The GlobalScale variable was set to 1 in Unity to make LightWave objects come in at the right scale since the script is LightWave-specific. However, it meant that all objects brought into a Unity project after that would also be set at 1, which could cause problems if you wanted to bring in OBJs or Max files into a project you created with LightWave assets. Thus the global scaling has been reset to 0.01 for safety and you will need to apply a scaling of 1 to your LightWave objects inside Unity.

  1. In your Hierarchy view, select the Main Camera and in its Inspector pane choose Add Component. You will need to do this three times to add:
  • Character > Character Motor
  • Character > FPS Input Controller
    • Camera Control > Mouse Look
  1. Our original LightWave scene had several lights, so we will now recreate them in Unity. Select the first light in Unity and select Add Component in its Inspector pane. Add Rendering > Light and make this light Directional in the Inspector. Now select the other lights you placed in your LightWave scene and choose Add Component and Rendering > Light again, but make them Point lights and increase their range.

  2. We have added a sphere GameObject to each of the lights so they show up in the “game” as glowing globes. Note also that we have set each of the lights to cast soft shadows. We are using the free version of Unity so it rightly warns us that we can only use realtime shadows with Unity Pro, however the aim here is to bake a lightmap.
  3. Select all objects and lights in your scene and open the Lightmapping window.

    Tick the Lightmap Static box and up the number of Shadow Samples and the Shadow Radius to get better quality shadows. Now hit Bake Scene . It won’t take long to bake and apply the lightmaps and you will have shadows applied to your scene. Be aware that if you move something in LightWave or Unity, you will need to bake again.
  4. Now you can hit the Play button at the top of Unity’s interface to go into your realtime version of the scene. You can navigate by using the traditional FPS controls of WASD on a QWERTY keyboard or the cursor keys while your mouse dictates the view.

    You can now use the Build Settings item in the File menu to create an excutable file for Windows, Mac OSX or Linux, or make a web player version for your clients to look at.

If you make changes to your LightWave scene, the changes will be propagated to Unity.
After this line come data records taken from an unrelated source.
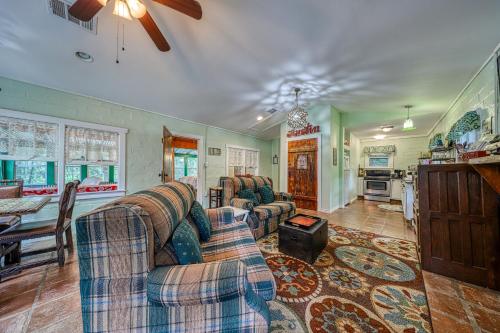 The lobby or reception area at Austin Cottage on Cypress Creek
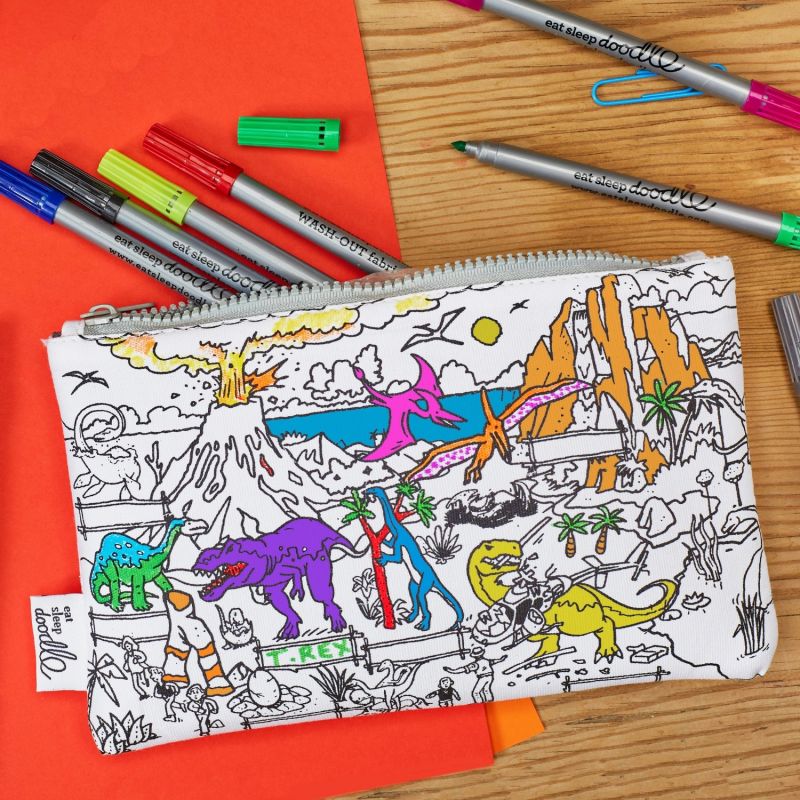 Trousse à colorier lavable et réutilisable Dino avec 10 feutres Eatsleepdoodle Ambiance 4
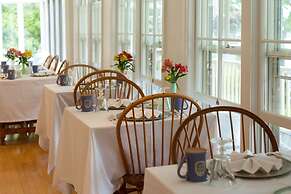 Inn at Sunrise Point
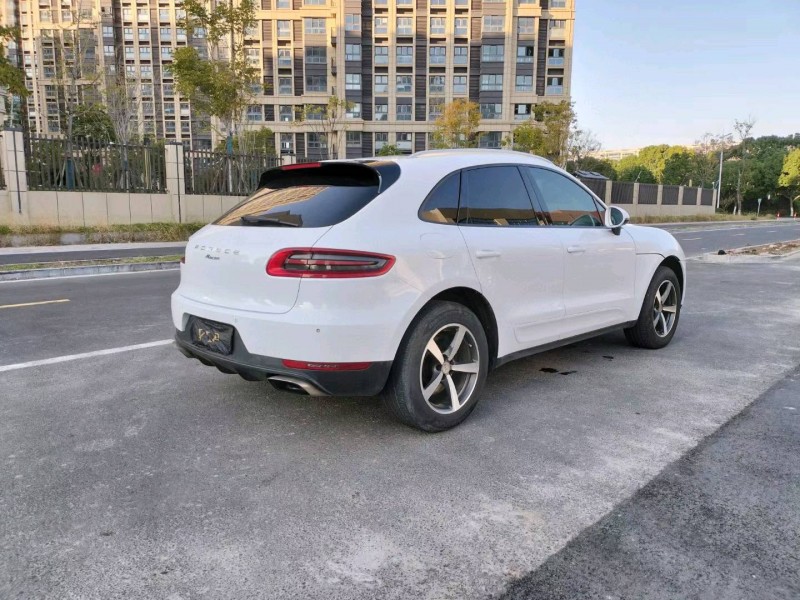 苏州15年保时捷Macan9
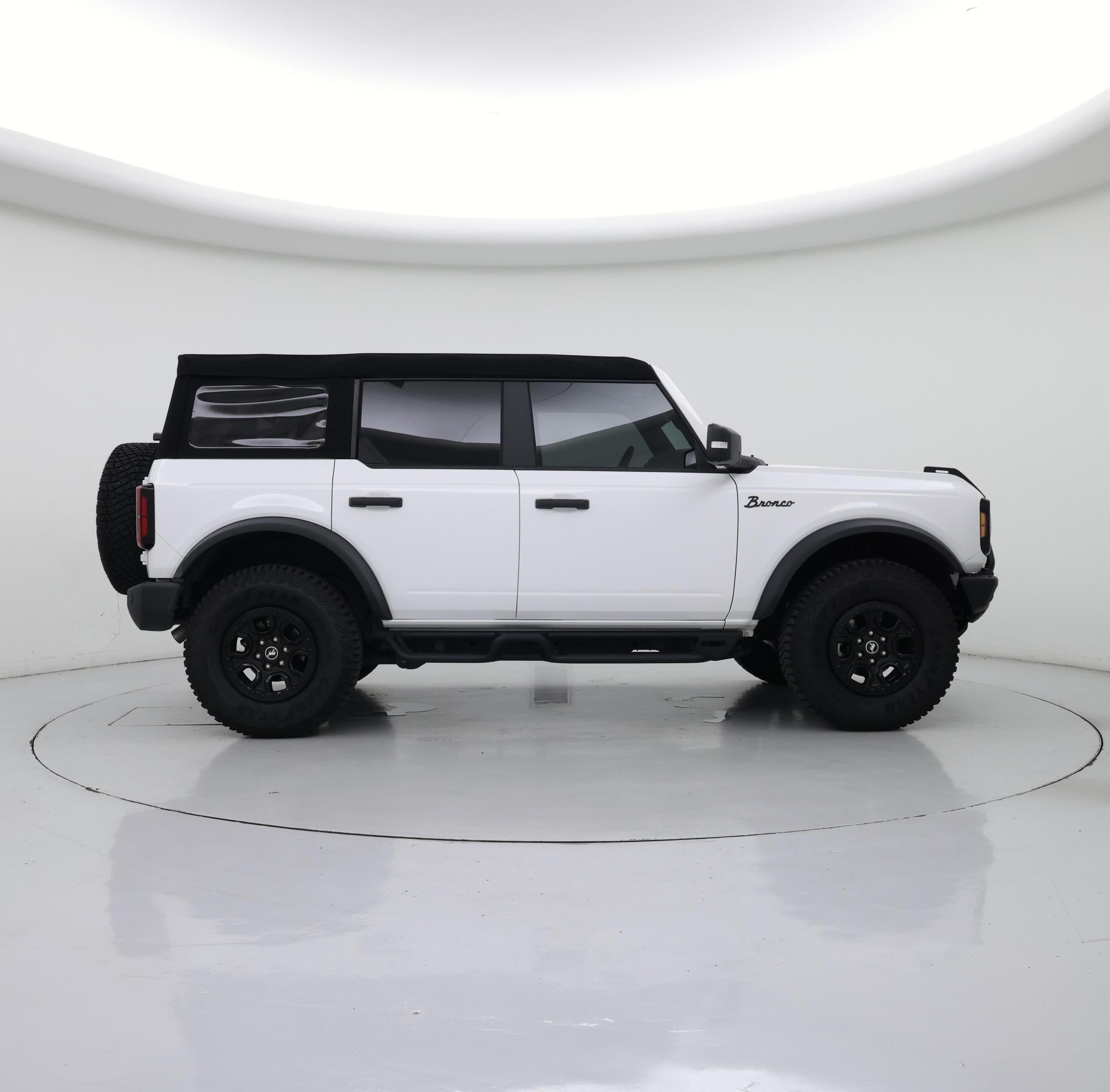 Thumbnail: 2024 Ford Bronco - 7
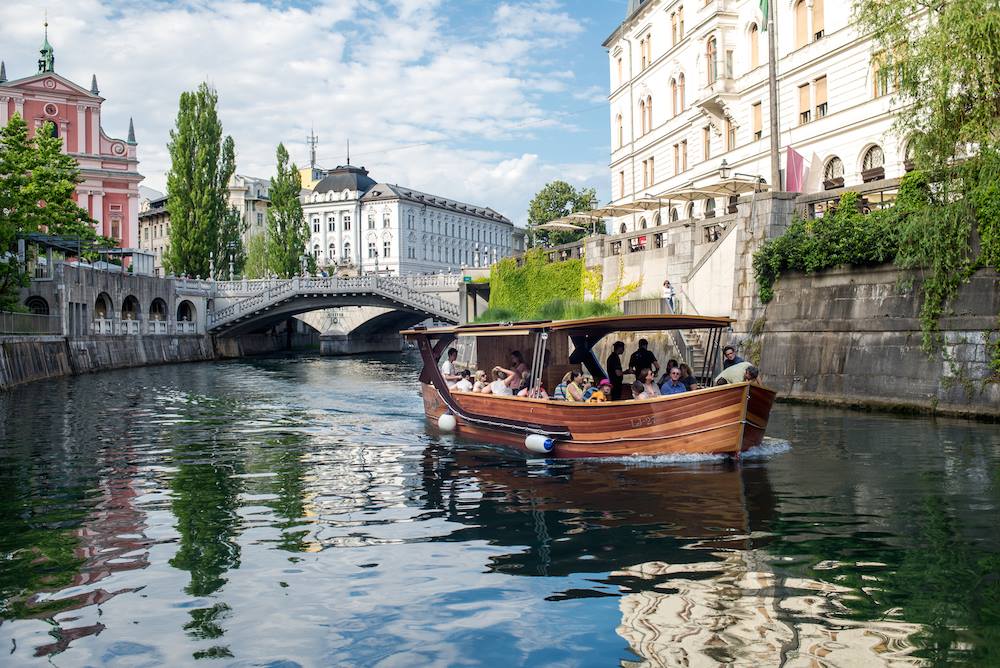 BOAT TRIP Ljubljana, Bled and Bohinj - Barka LJUBLJANICA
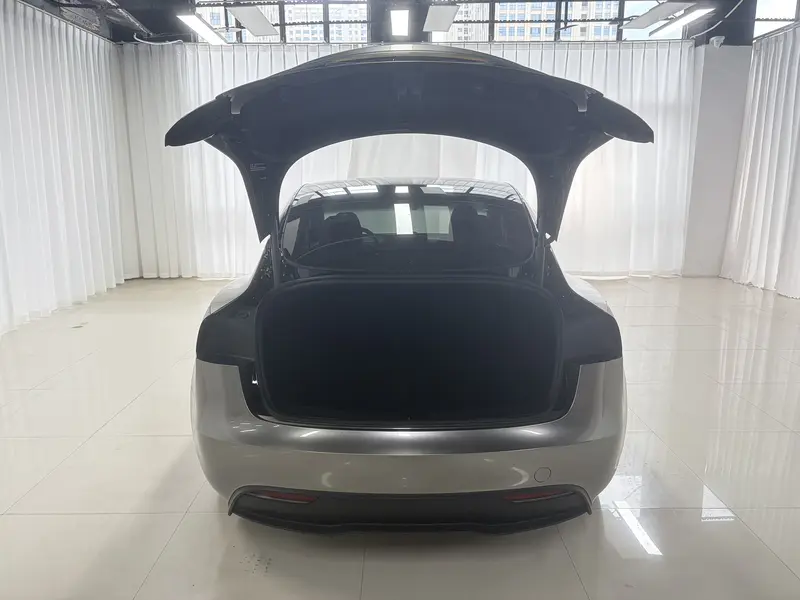 Tesla Model 3 — фото 20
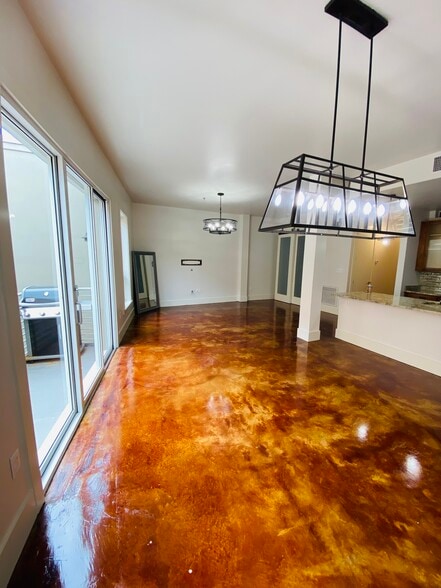 Building Photo - 840 Tchoupitoulas St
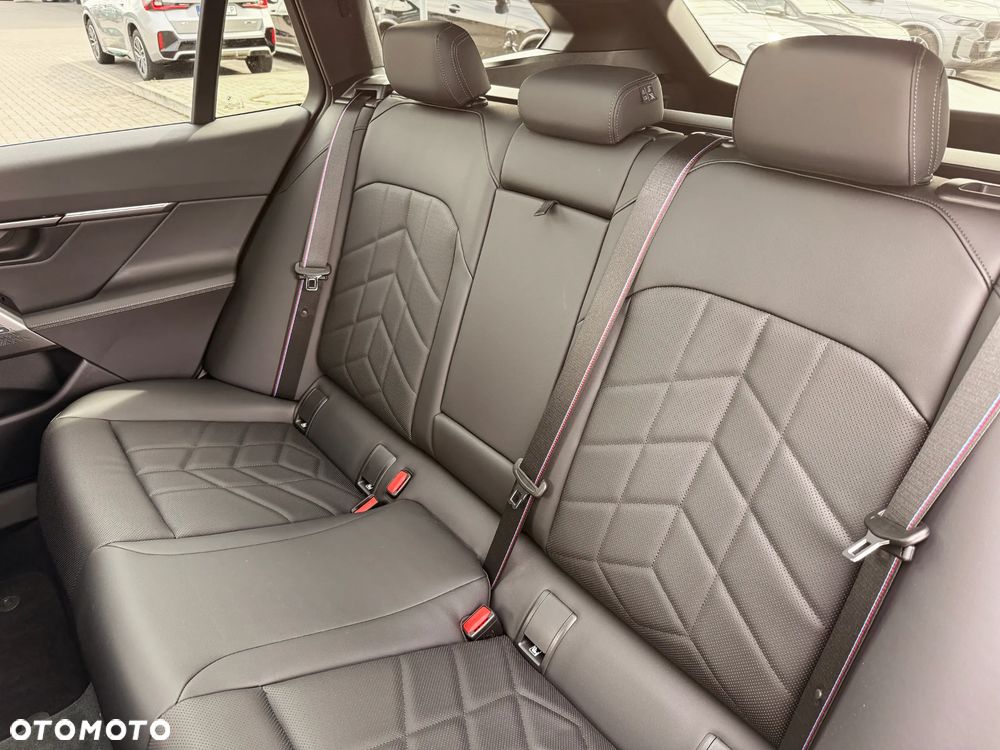 BMW Seria 5 520i M Sport sport - 33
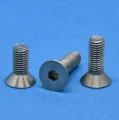 Śruba No"10-UNF(32)x5/16"(8mm)*(Długości całkowita) ANSI B18.3 (DIN 7991) Nierdzewna 18-8 (A2)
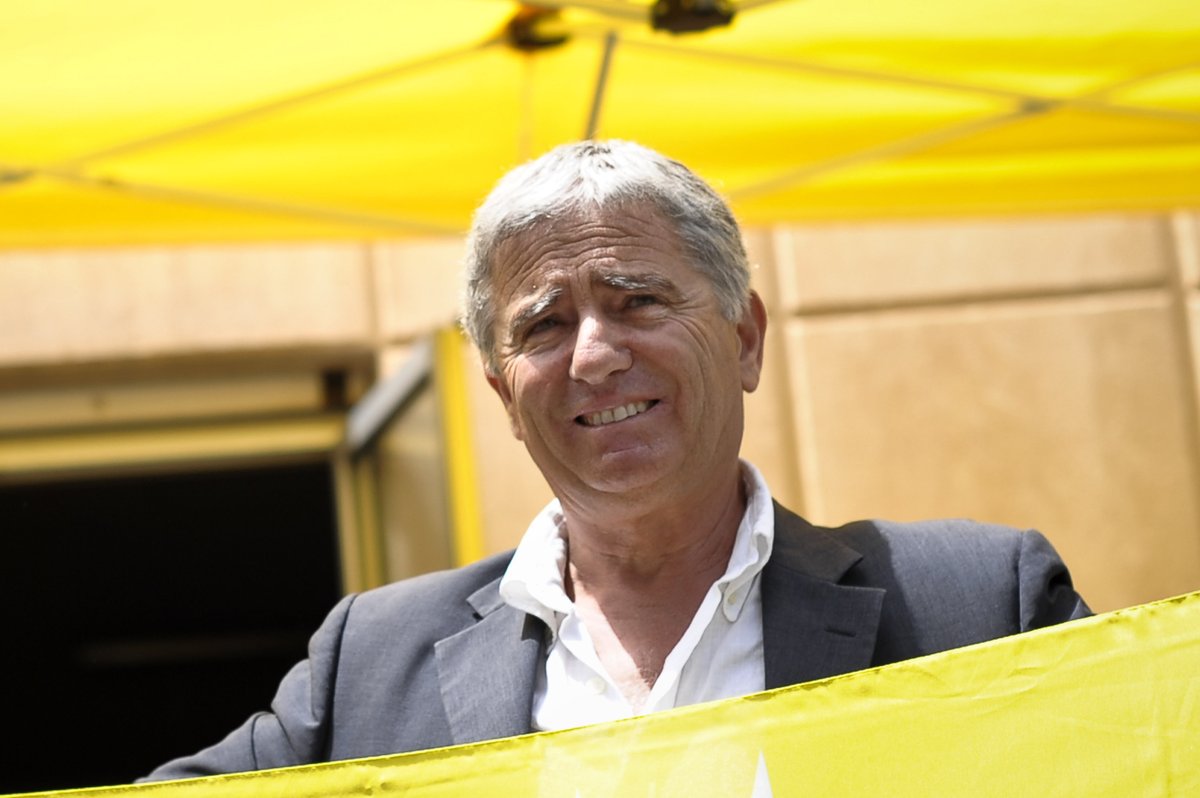 Radio1Rai's tweet photo. 🔵#Salerno Svolta nell'omicidio di Angelo #Vassallo, il sindaco di #Pollica, ucciso in un attentato, il 5 settembre 2010, mentre rincasava alla guida della sua auto. Arrestate 4 persone: due carabinieri, il figlio di un boss, nonché collaboratore di giustizia, e un imprenditore. https://t.co/e98DXxC4sE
Remember that since LightWave saves objects separately to scenes you will need to save both to get any changes you make to surfacing update in Unity.

If you follow along with this tutorial you may note you need to jump to get up the stairs and wonder why. This is because Unity splits the single Natural History Museum object into 27 parts to fit within the maximum of 65k vertices in a single object and that means that the steps get carved up too. To keep the stairs in a single piece that can be climbed without jumping you will need to separate them from the main object manually.